Following the example code above, we can extract gradients of Q with respect
to a and/or b. To do this, we can use the
torch_tensor_get_gradient subroutine. That
is, for tensors dQda and dQdb:
call torch_tensor_from_array(dQda, out_data2, tensor_layout, torch_kCPU)
call torch_tensor_get_gradient(dQda, a)
call torch_tensor_from_array(dQdb, out_data3, tensor_layout, torch_kCPU)
call torch_tensor_get_gradient(dQdb, b)
retain_graph argumentIf you wish to call the backpropagation operator multiple times then you may
need to make use of the retain_graph argument for
torch_tensor_backward. This argument
accepts logical values and defaults to .false., for consistency with PyTorch
and LibTorch. According to the
PyTorch docs,
retain_graph=.true. will not be needed in most cases, but it's useful to have
for the cases where it is.
Having computed gradients of one tensor with respect to its dependencies, suppose you wish to compute gradients of another tensor. Since the gradient values associated with each dependency are accumulated, you should zero the gradients before computing the next gradient. This can be achieved using the torch_tensor_zero_grad subroutine.
Following the example code above:
Q = a * b
P = a + b
call torch_tensor_backward(Q)
! ...
call torch_tensor_zero_grad(a)
call torch_tensor_zero_grad(b)
call torch_tensor_backward(P, retain_graph=.true.)
! ...
Note that torch_tensor_get_gradient must be called after every call to torch_tensor_backward or torch_tensor_zero_grad, even if the gradient for the same tensor is being extracted into the same array.
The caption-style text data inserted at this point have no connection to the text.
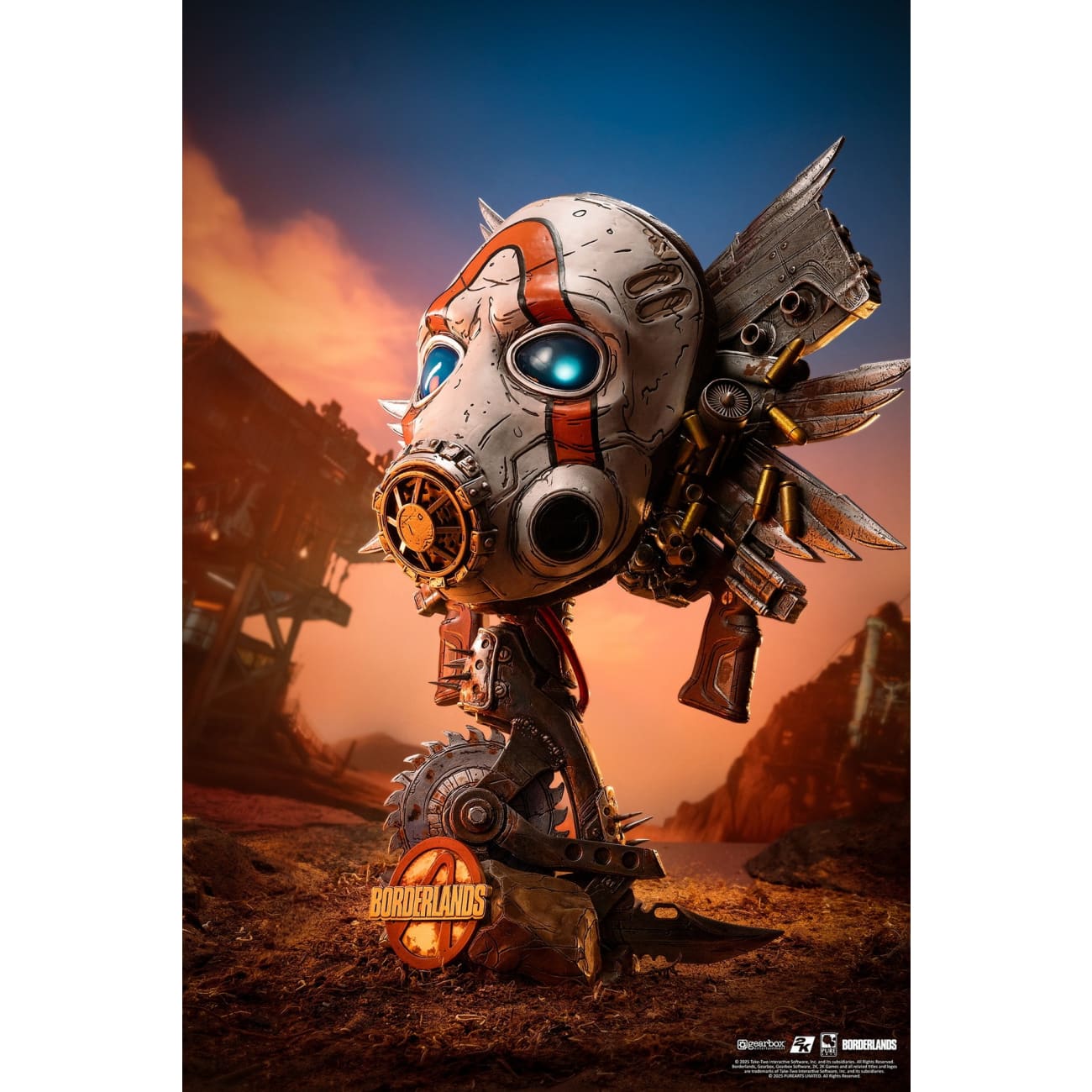 PureArts Studio - Madman Thug Mask PA003BL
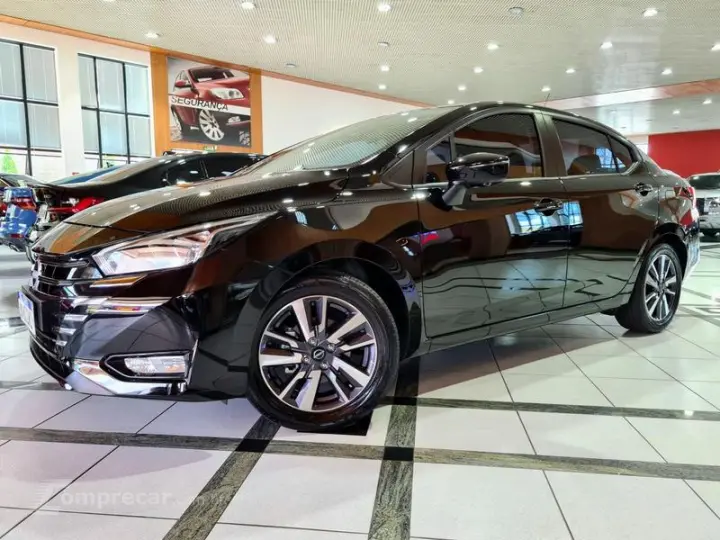 VERSA ADVANCE 1.6 16V FLEX AUT.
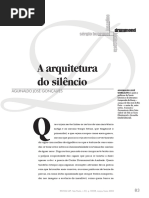 A arquitetura do silÃªncio - Aguinaldo J. GonÃ§alves.pdf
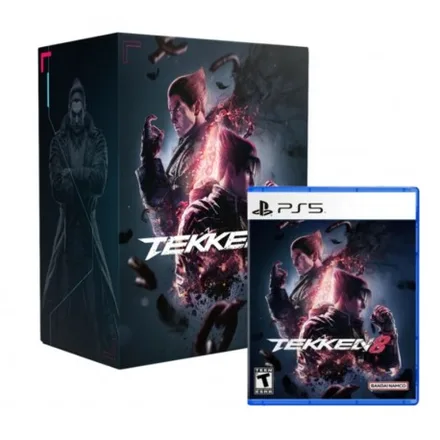 Jogo Tekken 8 Collectors PS5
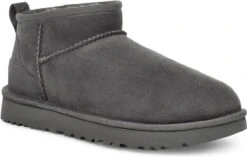UGG Women's Classic Ultra Mini 22 UGG Women's Classic Ultra Mini -Englin's fine footwear ugg womens classic ultra mini grey 1116109 grey 18005.1757007411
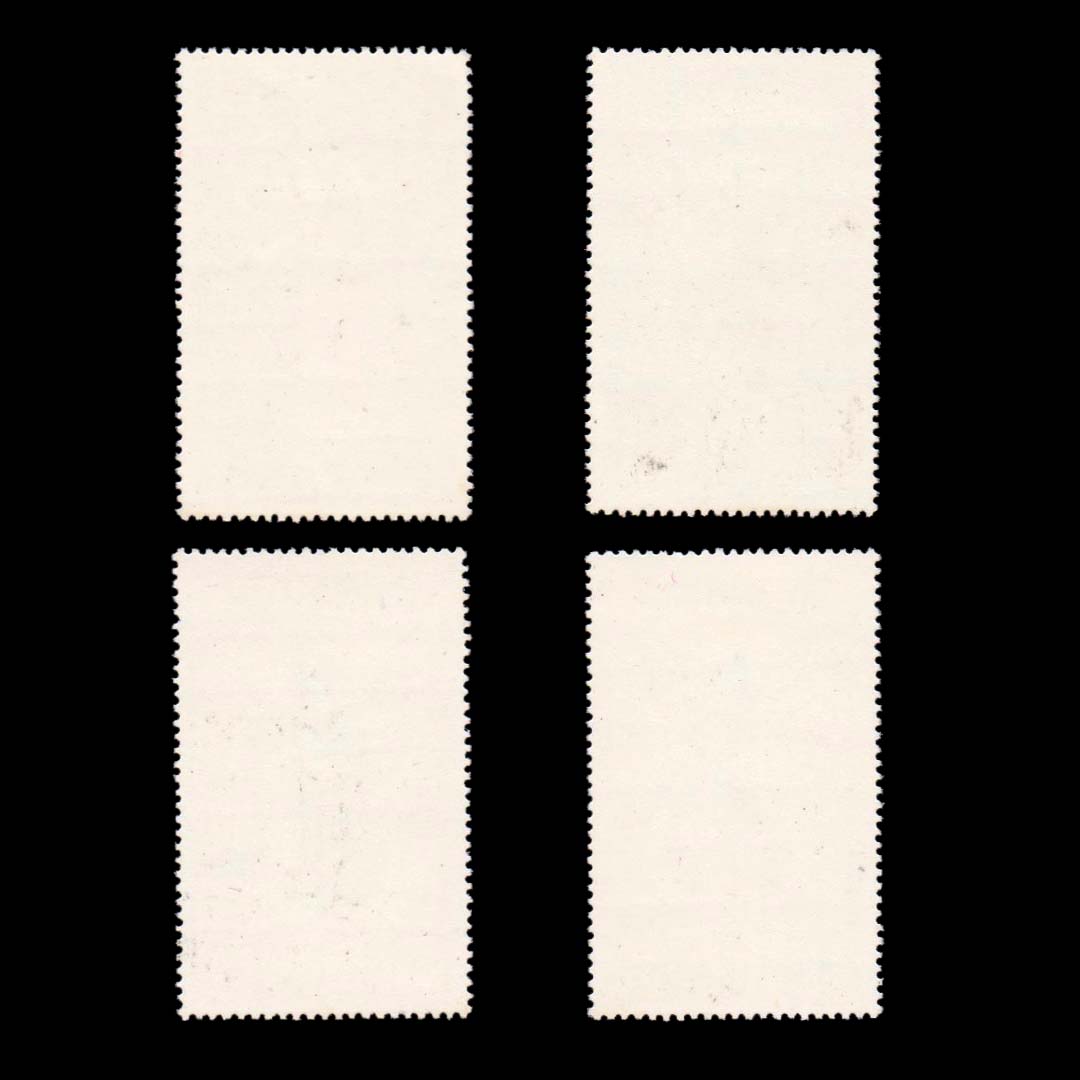 แสตมป์นาฎศิลป์ไทย (สภาพดี)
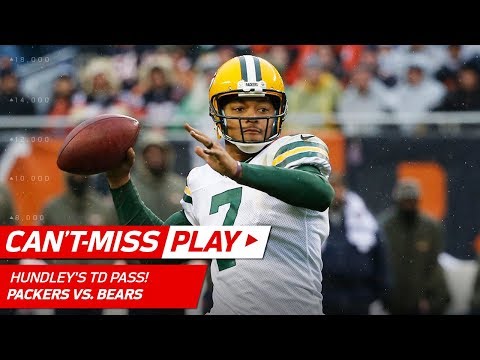 Video: Brett Hundley's Best Aaron Rodgers Impression on this Big TD Pass! | Can't-Miss Play | NFL Wk 10
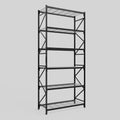 Longspan Metal Shelving - 4200mm High - Full Bay - Mesh Shelf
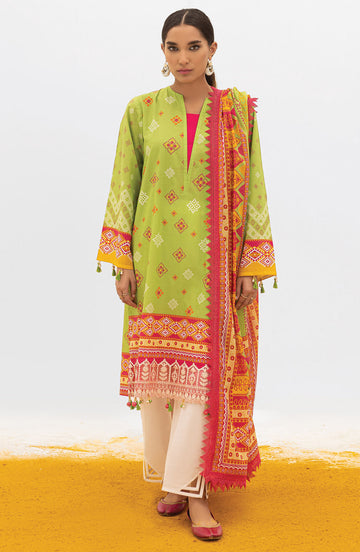 Orient OTL 22 046 U Green Summer Spring Lawn 2022 Online Shopping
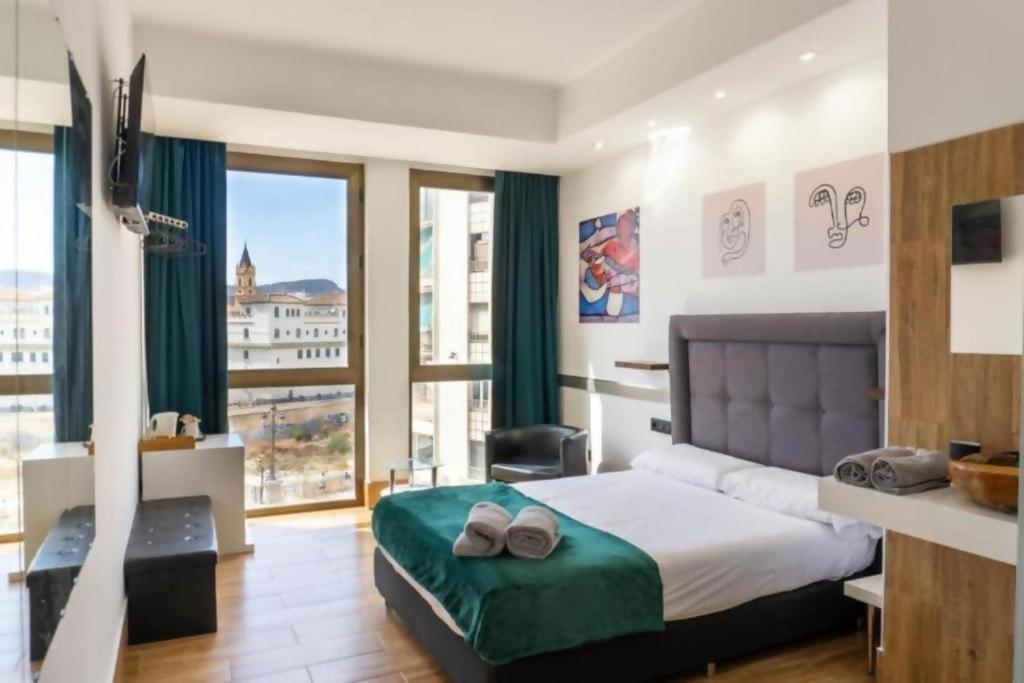 Ilustre Rooms Málaga Dış mekan fotoğraf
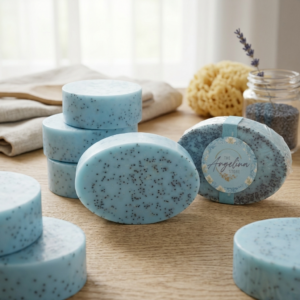 Blue Tansy Gentle Exfoliating Soap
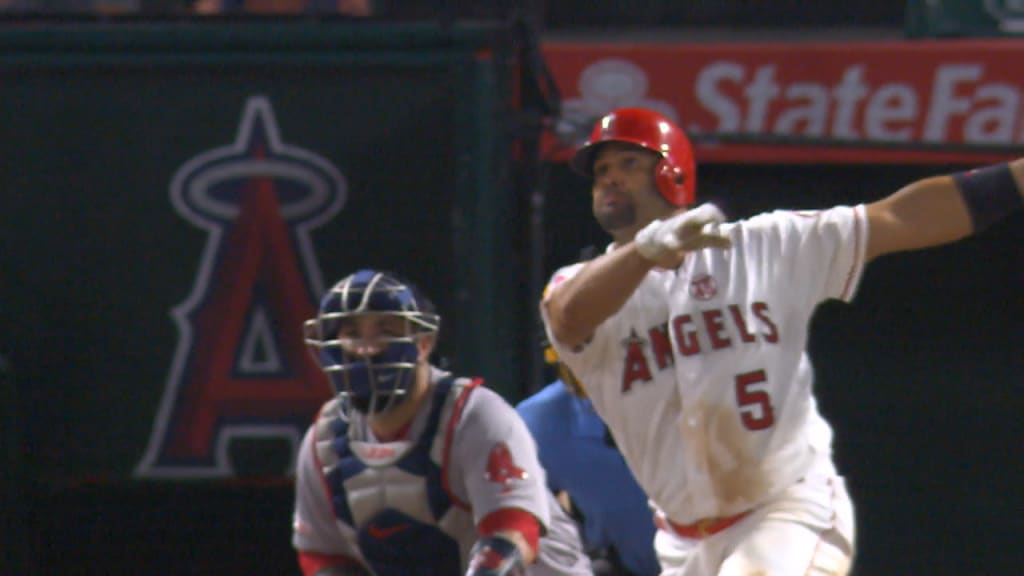 HR #20 del año de Pujols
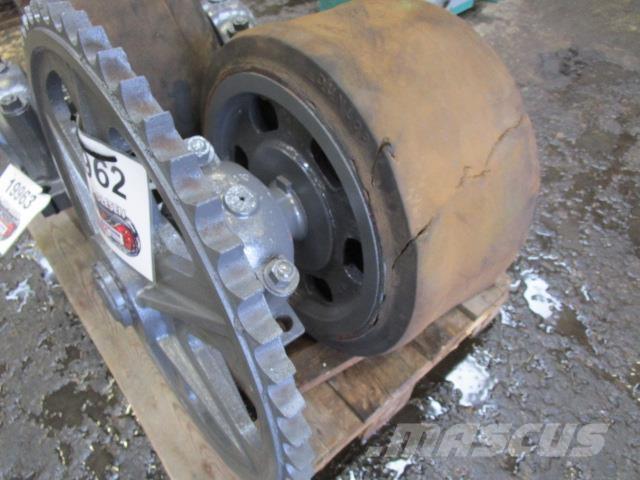 Mafi hjul - Fastgummihjul Reifen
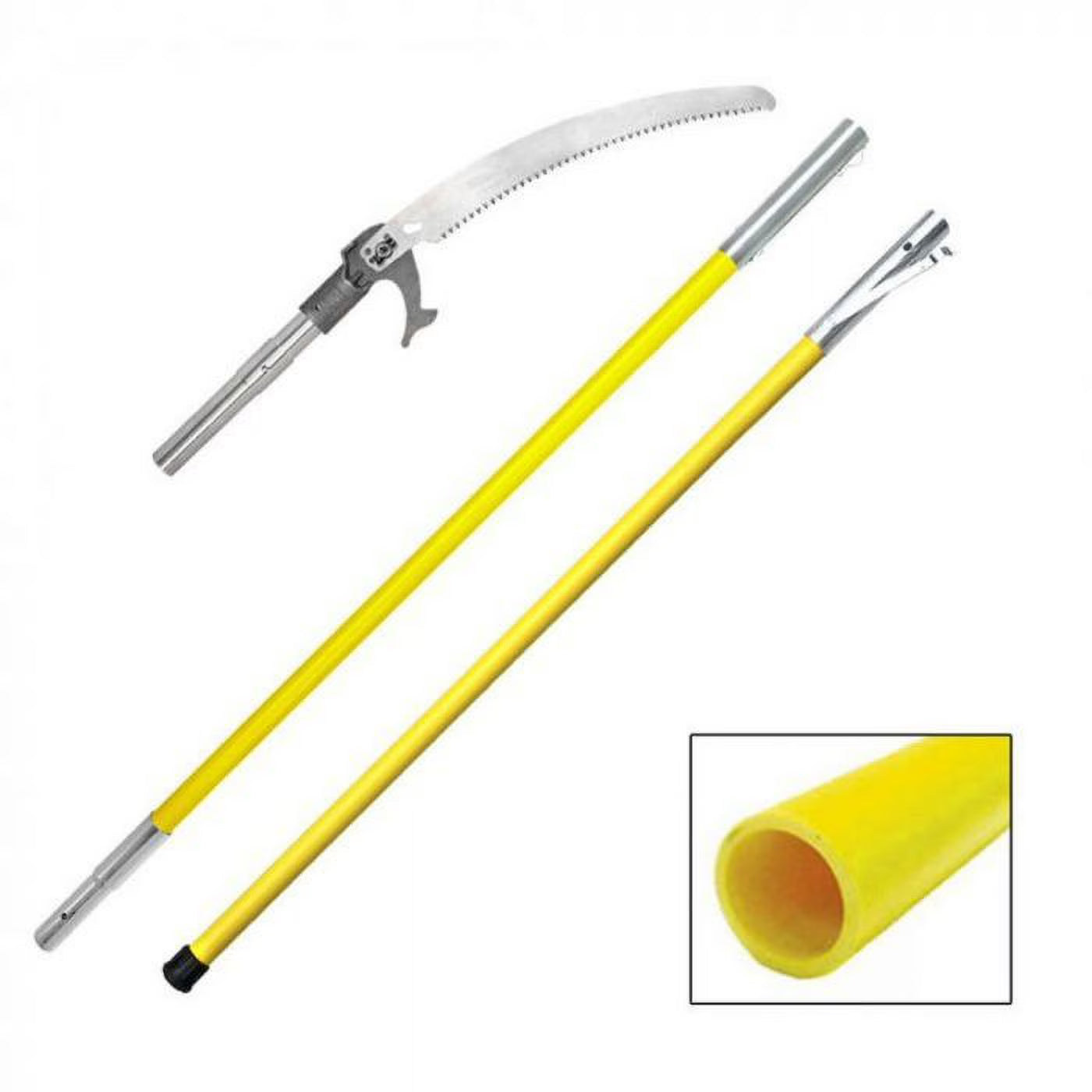 Jameson 12' Fiberglass Pole Saw Package (FG Series with 13" Blade) with Quick Change Adapter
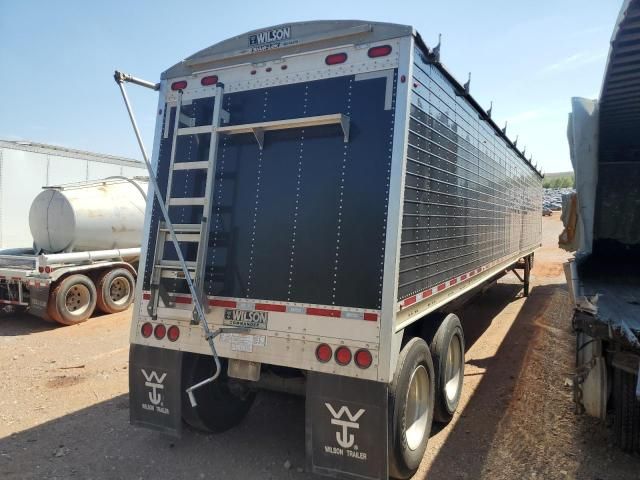 2025 Wilson DWH-750CB Grain Trailer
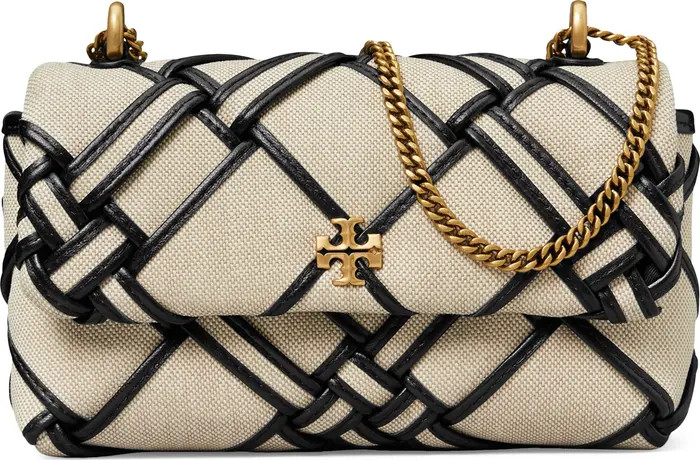 Mini Kira Woven Canvas Convertible Crossbody Bag | Nordstrom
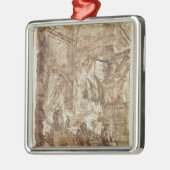 第VIIIのための予備スケッチ メタルオーナメント (左)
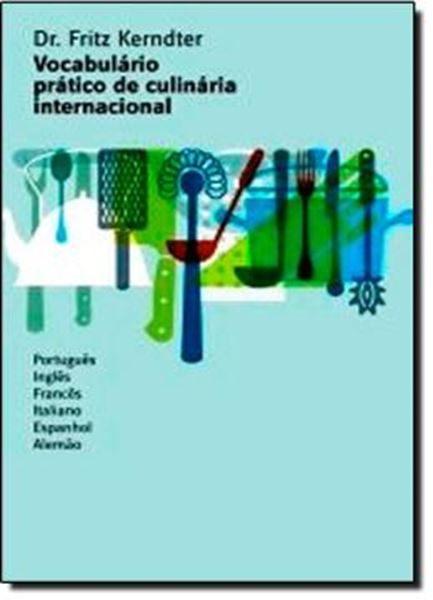 Picture of VOCABULARIO PRATICO DE CULINARIA INTERNACIONAL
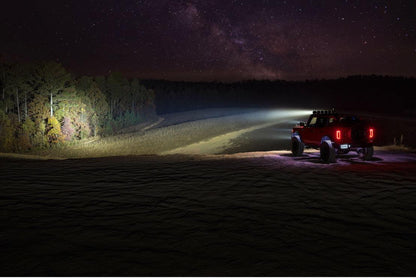 Morimoto Triple - Row BangerBar Off - Road LED Light Bar: 4 Pod / 29" - LED Light Bars - Morimoto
This is due to the way that pointers are handled on the C++ side.
FTorch now supports running optimizers. That is, it's possible to do training in Fortran as well as in Python. A summary is provided here, with more detailed information available on the Optimizers API page.
To make use of optimizers in FTorch, you need the torch_optim derived type.
This has two member subroutines as follows:
torch_optim%zero_grad (torch_optim_zero_grad),
which zeroes all tensors associated with the
optimizer. This should be called at the beginning of every step of the
optimization loop.torch_optim%step (torch_optim_step),
which takes an iteration of the optimization method.The optimizer worked example is probably the best place to get started to see how to use the functionality.
The loss function classes defined in PyTorch/LibTorch have not yet been exposed in FTorch. However, the torch_tensor_sum and torch_tensor_mean reduction operators have been provided, which should be sufficient for simple loss functions such as the mean-square-error (MSE).
See the optimizer worked example for an example of how to use torch_tensor_mean to define a MSE loss function.